2. Clarify the meaning of the number of PCAs in Table 2. (b). Does "the number of PCAs" represent the number of features selected by PCA? If yes, the authors are encouraged to provide details of the selections and demonstrate the specific features selected. "The proposed model uses different PCAs with several selected features. In PCA, original variables are transformed into k variables called principal components. These variables capture data variance. The principal component analysis (PCA) reduces data dimensionality and detection patterns, but the resulting principal components are not always easy to interpret. Thus, it is difficult to determine what features have been identified."

 

Suggest adding this related  discussion into the manuscript.

 

3. Mention that quantum machine learning is a promising direction and suggest exploring if a quantum model can enhance the performance of the intrusion detection system to detect various attack types.  To let the reader understand the relevant background and development dirction, the authors can make some discussion.

•  

 Minor editing of English language required

Author Response

1. However, the compared work[17] has less  selected features. We can deduce that the advantages of authors’ method merely orginite form using more features in PCA.	A proposed model based on 15 features achieved 94% accuracy compared to a model based on the same number of features in [17], which achieved 90% accuracy.
2. Suggest adding this related  discussion into the manuscript.	Done
3. Mention that quantum machine learning is a promising direction and suggest exploring if a quantum model can enhance the performance of the intrusion detection system to detect various attack types.

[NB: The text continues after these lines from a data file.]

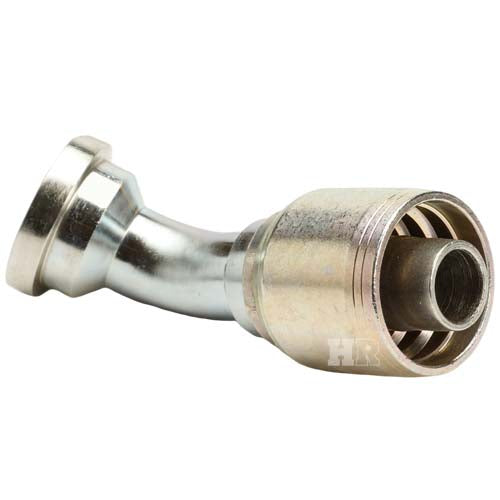 3/4" Code 61 Flange 45˚ Elbow Hydraulic Fitting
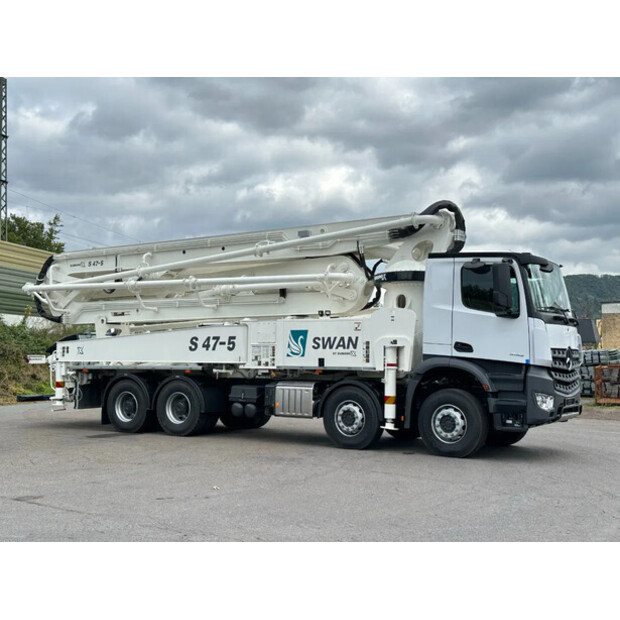 2025 Mercedes-Benz Arocs 4142-46047347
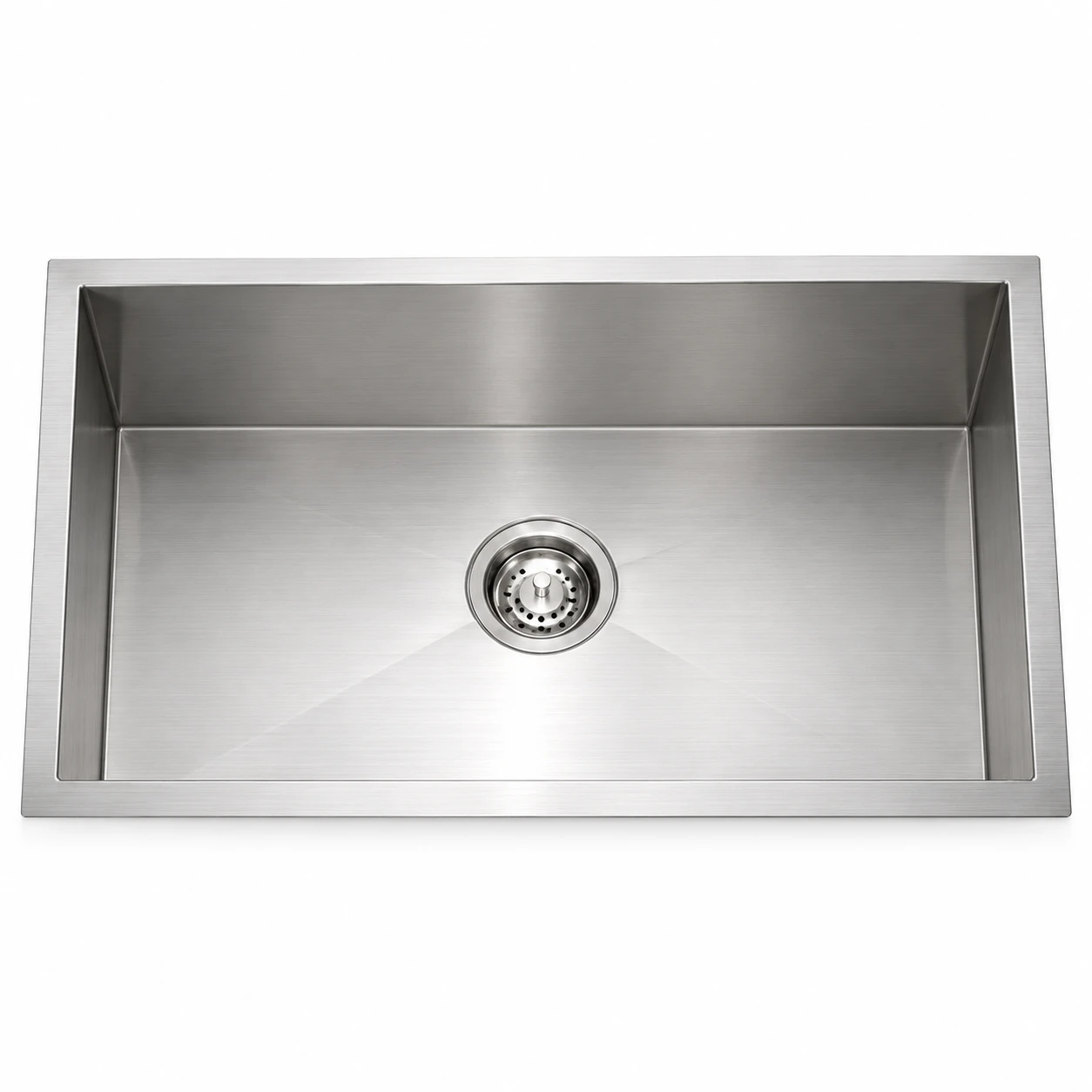 GSZ-3018 zero radius single bowl sink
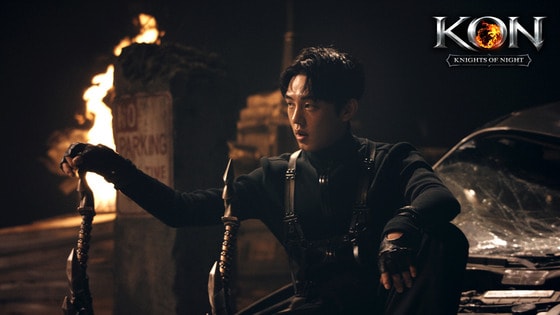 넷마블게임즈는 신작 모바일게임 'KON'의 홍보모델로 배우 유아인을 발탁했다.(사진제공=넷마블게임즈) ⓒ News1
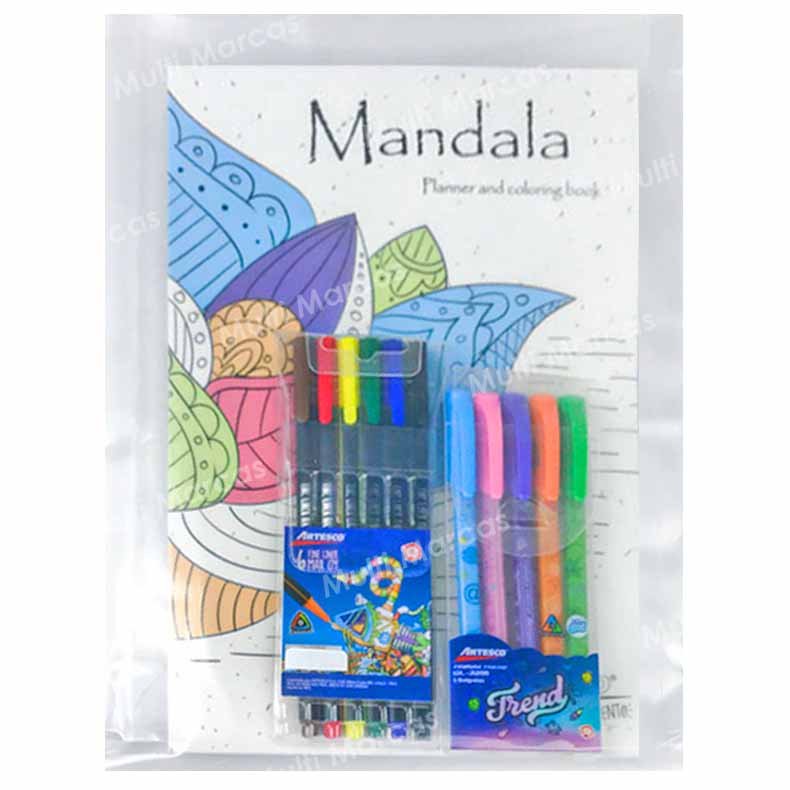 Set De Mandala ARTESCO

To let the reader understand the relevant background and development direction, the authors can make some discussion.	As quantum machine learning appears to have considerable promise, it may be possible in the future to improve the performance of the intrusion detection system by using a quantum approach in order to detect various types of attacks. Future research should explore whether this could be achieved.

Reviewer 3 Report

1. The format of the references in the re-uploaded manuscript is still inconsistent. For example, the journal names in references 8 and 14 are abbreviated, while the first letters of the journal names in references 10 and 31 are not capitalized, while others are capitalized.

2. The manuscript still lacks sufficient introduction and comparison of references. Please search for the latest relevant literature using “intrusion detection system” and “Average-of-Probabilities” as keywords, and introduce or compare them to highlight the novelty of the manuscript’s work.

3. The meaning of DR in Table 2 is still not clearly introduced.

Author Response

1. The format of the references in the re-uploaded manuscript is still inconsistent. For example, the journal names in references 8 and 14 are abbreviated, while the first letters of the journal names in references 10 and 31 are not capitalized, while others are capitalized.	All references have been checked and corrected.
2. The manuscript still lacks sufficient introduction and comparison of references. Please search for the latest relevant literature using “intrusion detection system” and “Average-of-Probabilities” as keywords, and introduce or compare them to highlight the novelty of the manuscript’s work.	IDS average-of-probability is another study goal that requires a research paper in this field.
3. The meaning of DR in Table 2 is still not clearly introduced.	Detection Rate (DR) has been added in the text.